The exact aetiology of prostate cancer is unknown. However, several aetiological factors have been suggested.

High-fat diet

First proposed as a potential contributing factor for prostate cancer after a study of Asian immigrants living in the US found that they had a higher incidence of prostate cancer than men living in Japan or China.[12][13]​​ Several studies have reported that high-fat diets may increase the risk of prostate cancer.[14][15][16][17]​​ However, the evidence is inconsistent and the exact mechanisms are unclear.[15][16][17][18][19]

Genetic factors

Risk of prostate cancer is increased in men with a positive family history of prostate cancer.[20] One meta-analysis reported a pooled relative risk (RR) of 2.48 in men with one first-degree relative (brother or father) with prostate cancer compared with no first-degree family history.[20] Risk was higher if the first-degree relative was a brother (RR 3.14) rather than a father (RR 2.35). A RR of 4.39 was reported in men with two or more first-degree relatives with a history of prostate cancer. 

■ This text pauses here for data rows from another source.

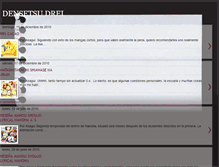 Tablet Screenshot of densetsudrei.blogspot.com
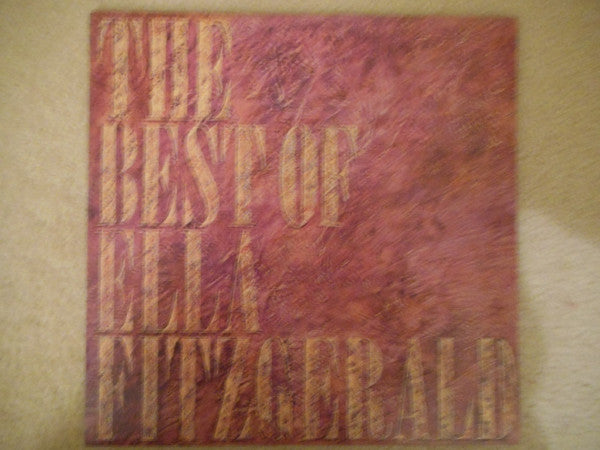 Ella Fitzgerald : The Best Of Ella Fitzgerald (LP, Comp)
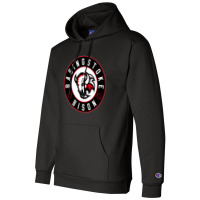 Basingstoke Bison Ice Hockey Champion Hoodie | Artistshot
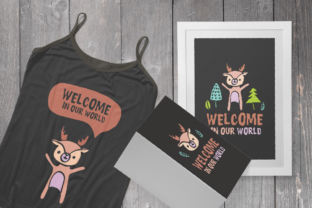 Baby Reindeer Illustrations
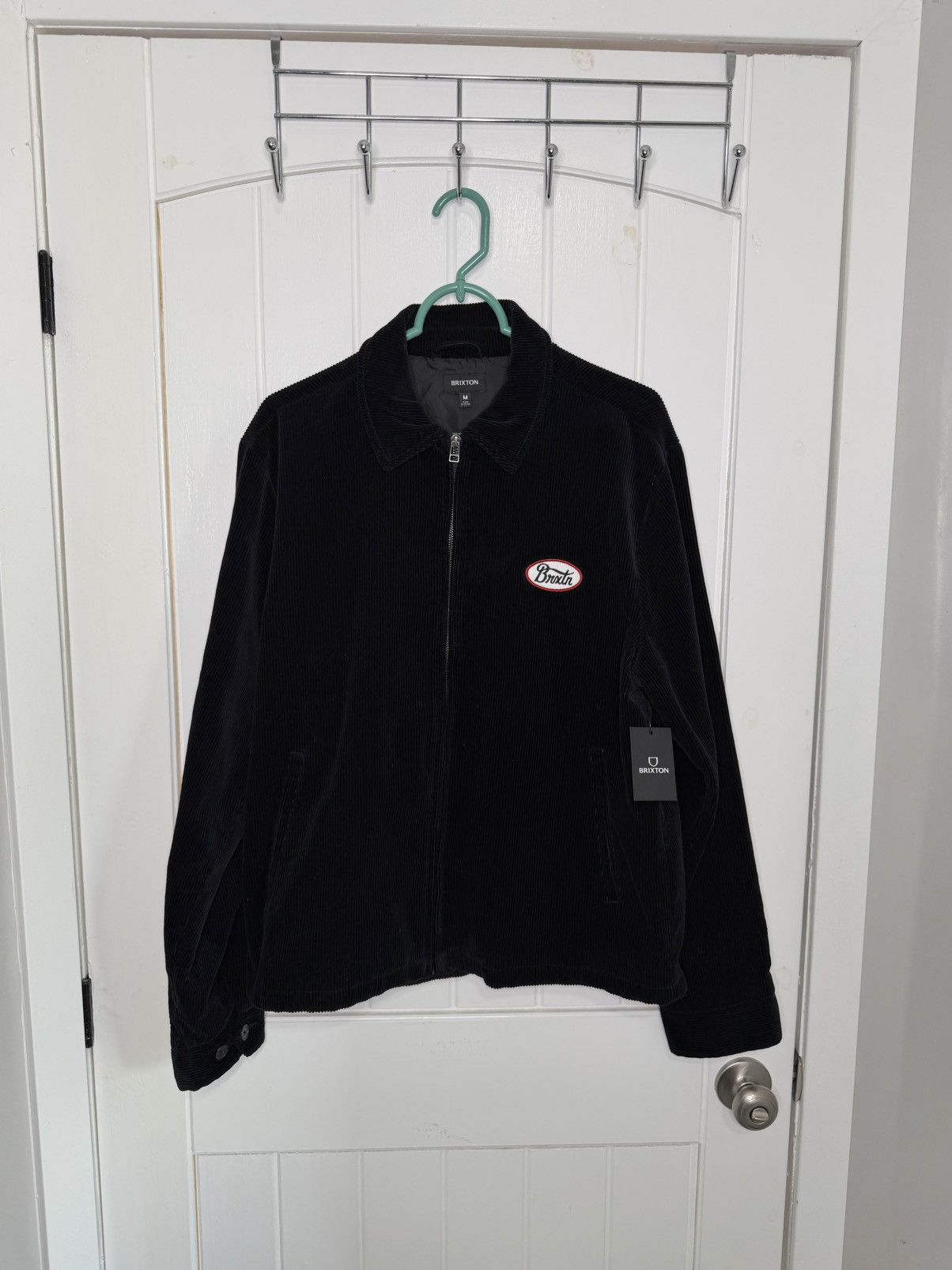 Brixton Brixton Utopia Men's Jacket Black Corduroy Size M Size US M / EU 48-50 / 2 - 1 Thumbnail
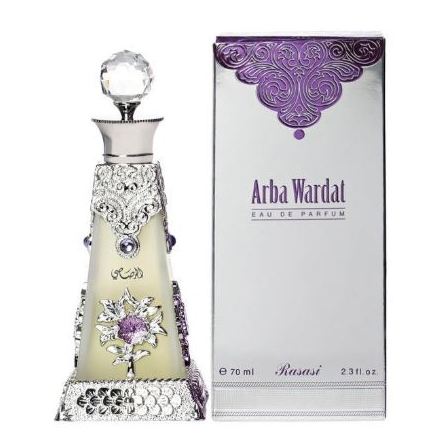 Rasasi Arba Wardat Perfume For Women 70ml Eau de Parfum Rasasi Arba Wardat Perfume For Women 70ml Eau de Parfum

The genetic basis for this hereditary cause is unclear, but prostate-cancer specific germline mutations (e.g., HOXB13) have been implicated.[21] Germline mutations that increase the risk of prostate and other cancers have been identified:[22][23][24]

  • Homologous recombination DNA repair gene mutations (e.g., BRCA1, BRCA2, ATM, CHEK2, PALB2, RAD51D)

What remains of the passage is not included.